Records drawn from a dataset:

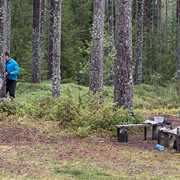 IMG 4496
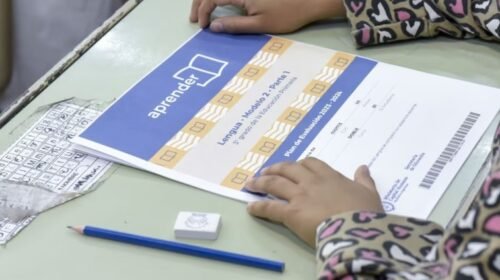 Pruebas Aprender: Los alumnos de primaria mejoran en Lengua, pero la mitad sigue reprobando en Matemática
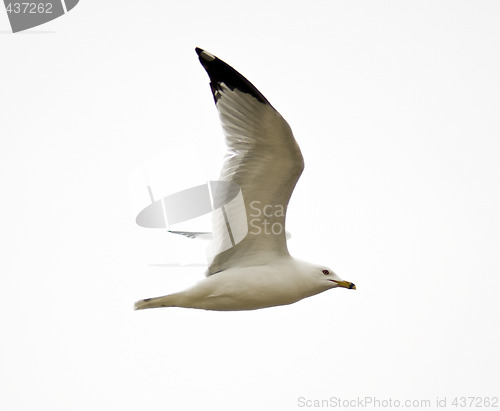 Image of Isolated Seagull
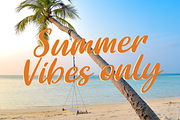 Brisbane, a Script Font by Larin Type Co. (Thumbnail 7 of 9)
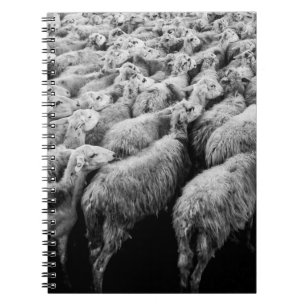 SCHAFENHERD IN GRAYSCALE-FOTO NOTIZBLOCK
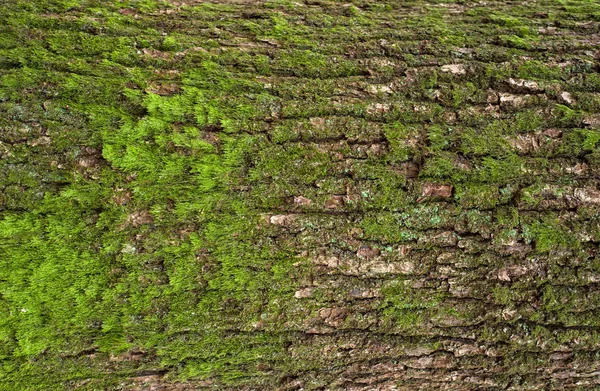 Bir Ağaç Yeşil Yosun Liken Üstünde Ile Kahverengi Kabuğu Kabartma — Stok fotoğraf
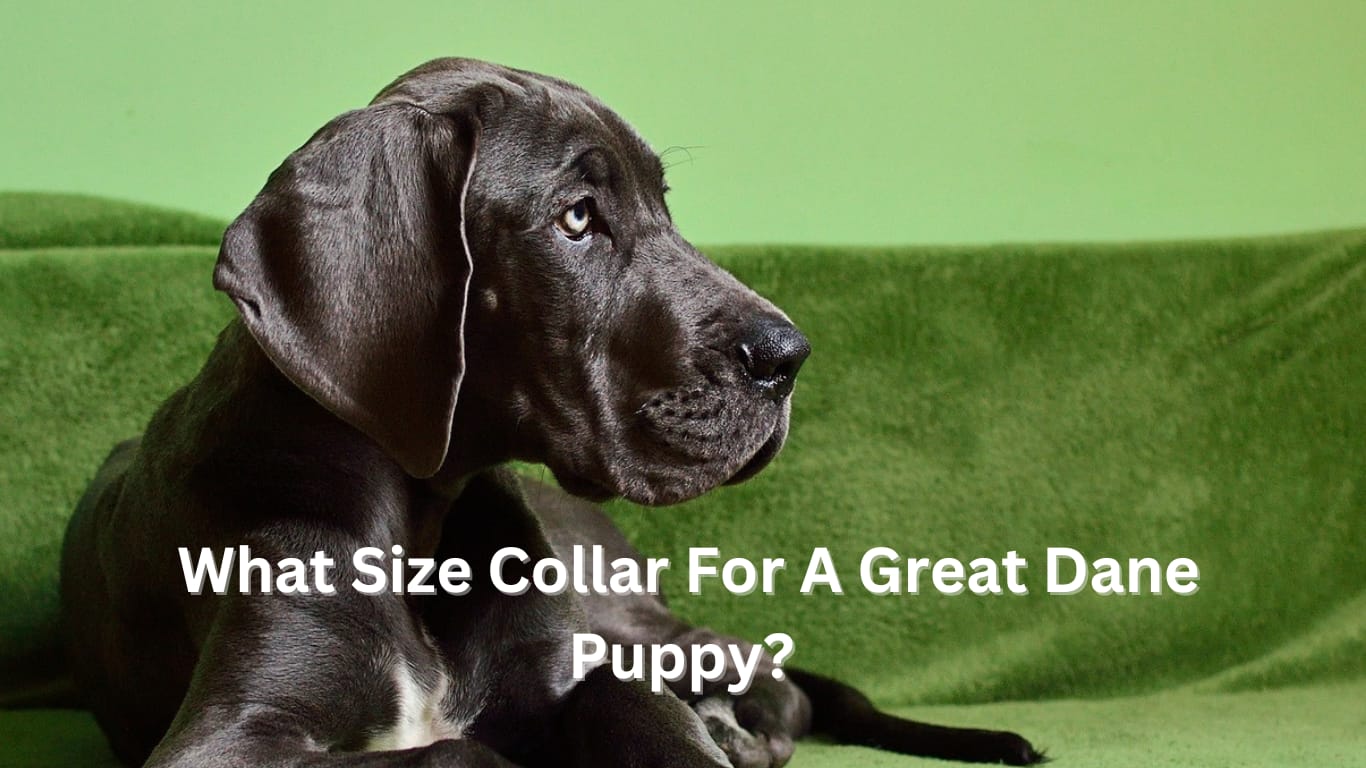 What Size Collar For A Great Dane Puppy?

_WORK ORDER:_
Leave nothing out but the pictures when transcribing the records.

_EXERCISE OUTPUT:_
 IMG 4496
 Pruebas Aprender: Los alumnos de primaria mejoran en Lengua, pero la mitad sigue reprobando en Matemática
 Image of Isolated Seagull
 Brisbane, a Script Font by Larin Type Co. (Thumbnail 7 of 9)
 SCHAFENHERD IN GRAYSCALE-FOTO NOTIZBLOCK
 Bir Ağaç Yeşil Yosun Liken Üstünde Ile Kahverengi Kabuğu Kabartma — Stok fotoğraf
 What Size Collar For A Great Dane Puppy?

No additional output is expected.